Barnacle Geese breed in the European Arctic (including Greenland), but sometimes end up in eastern North America as vagrants during the winter or in migration. However, because they are often kept in captivity, determining the origins of any goose can be difficult. Indeed, the Ontario Bird Records Committee has traditionally assumed all Barnacle Geese observed in the province to be escaped birds unless they could be proven as wild; before 2015, the only accepted record was that of a bird shot in the United Counties of Prescott and Russell in 2005, as that bird was wearing a leg band showing it had been banded in Islay, Scotland in 2004 – a place where Barnacle Geese from Greenland are known to overwinter.
This was an immature bird, and some of the plumage details pointing to distant Canada Goose ancestry included too much white in the face, black lores that were much narrower than those seen in pure European Barnacle Geese, a long bill, and buffy flanks rather than white.
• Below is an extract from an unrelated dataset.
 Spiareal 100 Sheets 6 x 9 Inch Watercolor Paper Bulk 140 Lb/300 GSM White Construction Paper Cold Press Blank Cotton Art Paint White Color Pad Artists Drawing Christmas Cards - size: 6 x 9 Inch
In addition, the fact that it has been here since May instead of moving on also points to a bird that may not be of wild origins. Of the three previous summer records in Ontario, all have been one-day wonders. Historically, only a few birds arriving in autumn and winter have stayed for more than a week. Be that as it may, I thought it was a very handsome goose, and planned on counting it for my year list even if the OBRC determined that it was not in fact countable.
This was bird no. 172 on my Ottawa year list, and I was not sure whether I would go see it again. It disappeared again for another two months after its five-day visit with the KRC Canada Geese, and then was reported at Andrew Haydon Park on October 10th. I was at Shirley’s Bay when the RBA came in, and decided to drive over to see it again. The Barnacle Goose was swimming on the river in the western bay fairly close to shore, but when I tried to take some photos my camera battery was dead! It showed no signs of restlessness, so I decided to return home and get my spare battery, charging it in the car on the way back. Fortunately the goose was still there when I returned, and the second battery was working.
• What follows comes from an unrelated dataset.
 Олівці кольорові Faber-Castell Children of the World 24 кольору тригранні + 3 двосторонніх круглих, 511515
Given the facial pattern – especially the thin black lores – it is believed to be the same goose seen over the summer, now in full breeding plumage. The black cap was now solid, and the wings showed a beautiful black and gray barring that contrasted handsomely with the gray and white belly. Like other geese, males and females look alike, so it is not possible to determine the bird’s sex.
Although I rarely chase rarities (especially if they are more than a 15-minute drive), I’m glad I chased this one. There are very few opportunities for me to get life birds in Ottawa any more, and this one brought my life list up to 541 species worldwide. It was a beautiful bird well worth seeing in the wild, and I am fortunate that it stuck around long enough for me to see it twice!